Business Context
Meta is building a binary classifier to detect policy-violating Marketplace listings before they are shown broadly. Violations are rare, but missing them is costly, so the ranking and integrity teams need the right offline metric to compare models and set thresholds.
Dataset
You are given a labeled offline training set of Marketplace listings with model scores from a baseline logistic regression and a candidate gradient-boosted tree model.
| Feature Group | Count | Examples |
|---|
| Listing metadata | 12 | price, category, seller_age_days, image_count |
| Seller behavior | 9 | prior_reports_30d, refund_rate, listing_velocity |
| Text-derived signals | 15 | keyword_risk_score, title_length, embedding_cluster_id |
| Image/model scores | 6 | vision_risk_score, OCR_risk_score, baseline_score, candidate_score |
- Rows: 2.4M listings from the last 90 days
- Target:
is_violation (1 if the listing was confirmed violating, else 0)
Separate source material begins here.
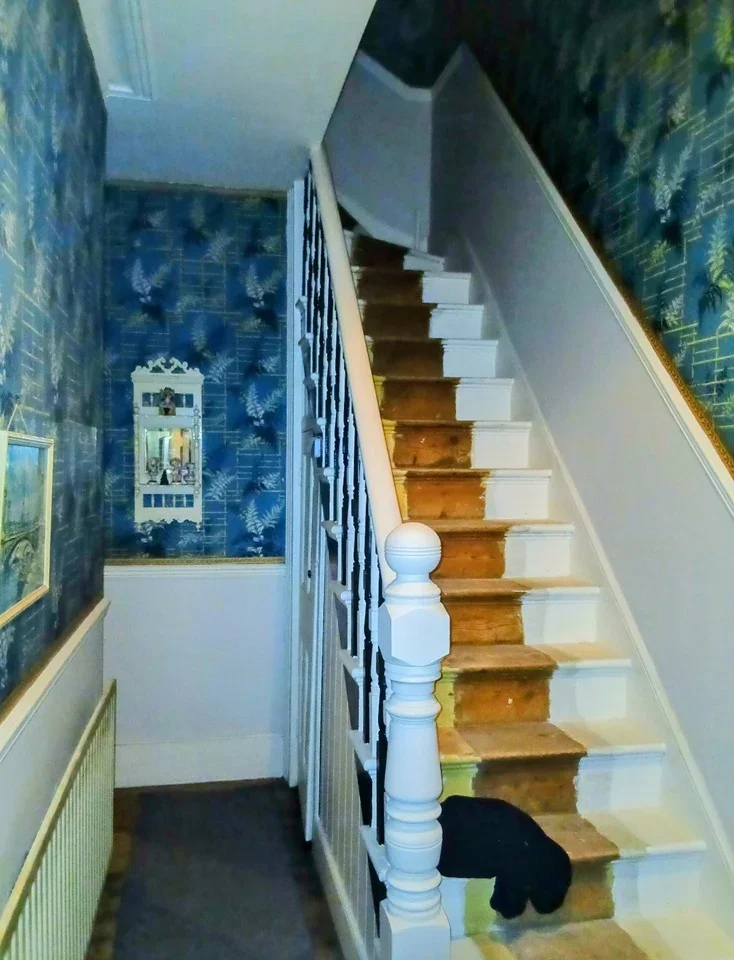 Room Grosvenor Road in Greater London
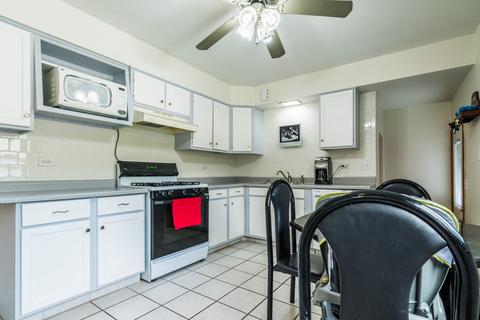 126 E Armitage Ave, Addison, IL 60101 photo 6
- Class balance: 0.9% positive, 99.1% negative
- Missing data: ~8% missing in seller history for new sellers; ~3% missing OCR/image features
Success Criteria
A strong solution should:
- Explain ROC-AUC and PR-AUC clearly and mathematically
- Show why ROC-AUC can look strong even when positive-class performance is weak under heavy imbalance
- Use the provided scores to compute both metrics and recommend which one should drive model selection
- Propose an operating threshold aligned with an integrity-review queue
Constraints
- Review capacity is fixed: only the top 2% highest-risk listings can be sent to human review
- The final explanation must be understandable to both ML engineers and policy operations partners
- Inference is near-real-time, so the chosen approach should not require expensive post-processing
Deliverables
- Compute ROC-AUC and PR-AUC for both models on a held-out set.
- Explain when each metric is appropriate and why class imbalance matters.
- Recommend which model Meta should ship and justify the decision.
- Select a threshold for the review queue and report precision, recall, and confusion-matrix counts at that threshold.
- Briefly discuss how calibration and prevalence shifts would affect interpretation of these metrics.